The decision on whether to install fixed or retractable screens on a porch comes down to a matter of personal taste. While many homeowners don’t mind or even notice porch screens, others can’t stand them believing that they are no more than distracting barriers standing between them and the beautiful outdoors.
Most people are familiar with fixed screens—screens that are in place year-round, but there is another option available for homeowners called retractable screens. These screens retract by rolling up into a protective housing using the push of a button, making the screen virtually invisible. The best retractable screen systems can be retrofitted into a door or window almost seamlessly so that they are hardly noticeable because the housing fits within the door or around the window.
Retractable screens offer many advantages. Since the screen is retracted when not in use, the fabric is protected from harmful UV rays, dirt, and weather. As a result, retractable screens will significantly outlast traditional flat screens. An added benefit is there is no need to remove the screens and store them away in the winter. Needless to say it also protects against flying or crawling insects while still allowing for fresh ventilation.
If you’re still undecided, here are some pros and cons of both systems to weigh in your debate:
Fixed screens are the most cost-effective solution, making them a good choice if your primary goal is to get a good return on your investment when you sell the home. High-quality screening systems are affordable for most homeowners.
Inexpensive to maintain and to repair.
Fixed screen systems are fairly simple once they are correctly installed by a professional. You can fix just the panel with the issue instead of having to reinstall the entire screen.
Many people are surprised by how great a fixed screen can look nowadays. Newer systems require fewer posts, and the screens are nearly see-through, providing a barrier that’s practically invisible but still bug-proof.
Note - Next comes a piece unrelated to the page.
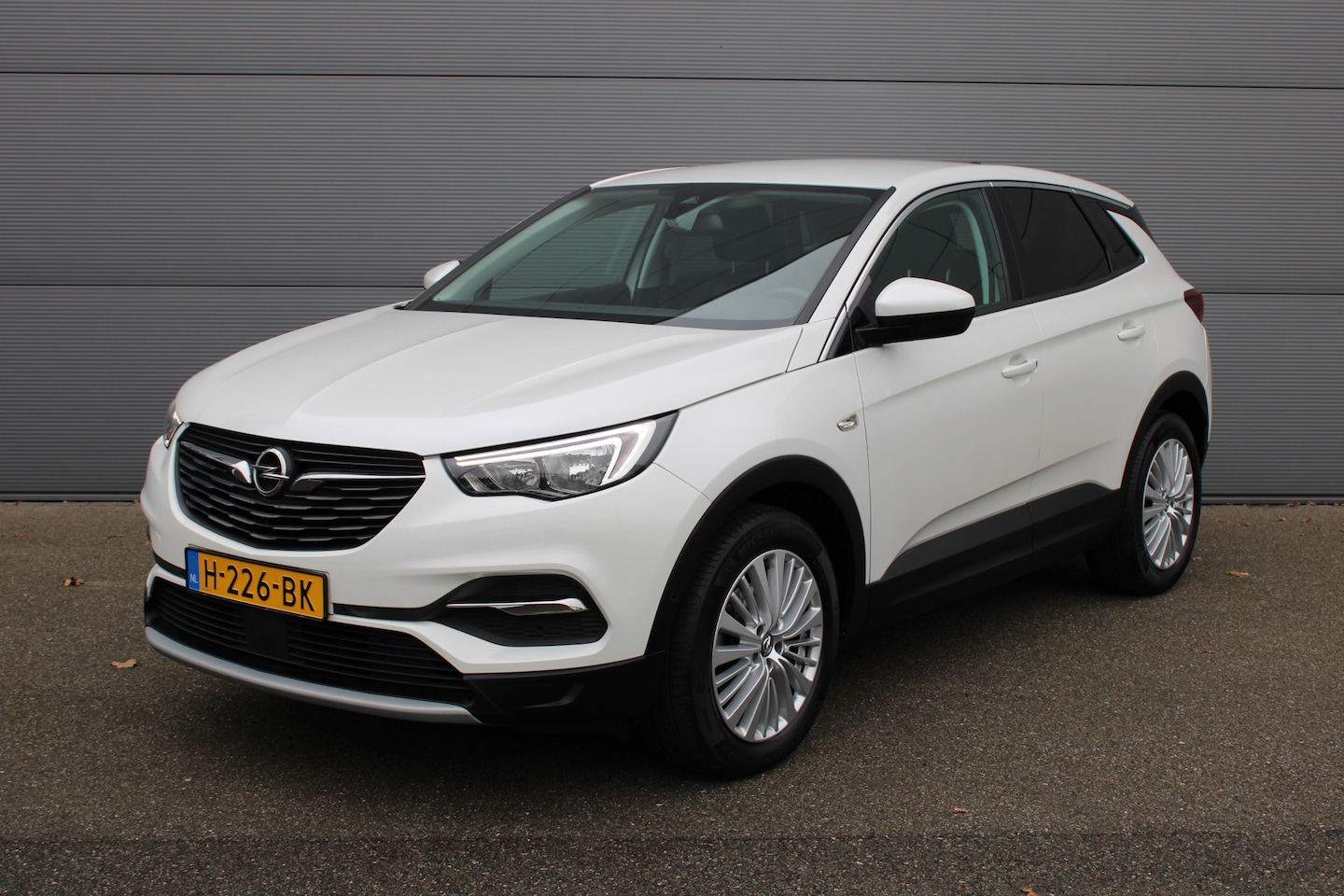 Opel Grandland X - 1.2 Turbo Business Executive 1.2 Turbo Business Executive - AutoWereld.nl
Permanent screens are up year-round, whether you need them or not. For some people, this is a dealbreaker but for others, they don’t mind the permanent year-round use.
Hard to remove.
Some fixed screen systems can be removed for seasonal use, but it can be time-consuming and cumbersome especially if the screens are on windows and porches that aren’t ground level. Storing them is another issue with having to find a place where you can do so safely to protect them from potential rips and damage until you go through the entire process to put them back up.
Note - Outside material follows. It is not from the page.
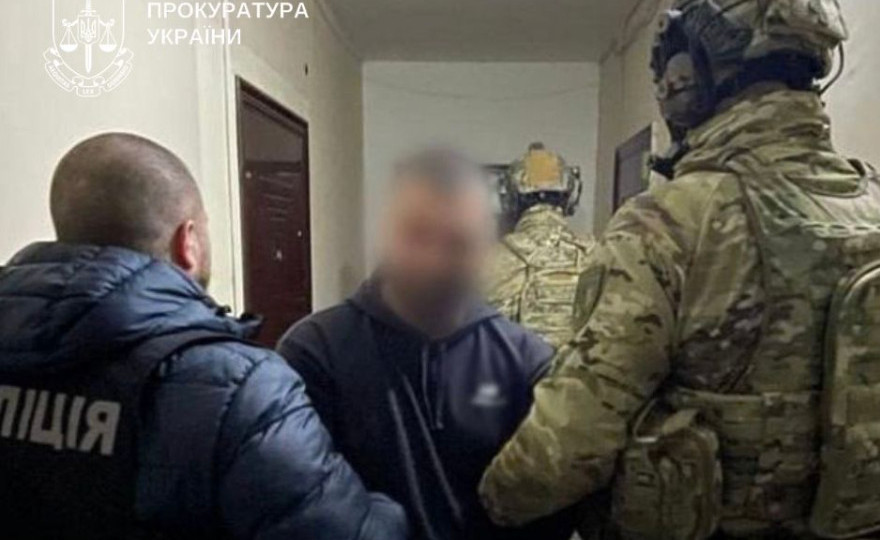 В Киеве будут судить преступников, которые грабили квартиры жителей Новопечерских липок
The screens can span almost twenty feet, which means fewer (or no) columns.
With the push of a button, your screened-in porch becomes an open-air, covered deck. This means you only have to use those screens for the summer months you typically need them. The rest of the year bugs aren’t a real worry so you won’t need the screen.
Connect two porch spaces.
If you have an exterior porch or deck alongside your ground-level screen porch, retractable screens are an ideal way to connect the two. Simply open the screen to take advantage of one larger area. Put the screen down if you want it to act as a wall between the two spaces.
Retractable screens are typically at least five times as expensive as fixed screens. For just one motorized system, you’ll need three systems (for the three “walls”) in most screen porches.
A retractable screen system has many benefits that make it worthwhile, so long as you can afford the investment. Before you decide you absolutely hate your fixed screens, check out new fixed screens systems that have been available in recent years, You might be surprised by how unassuming it really is, even if they’re up all year long.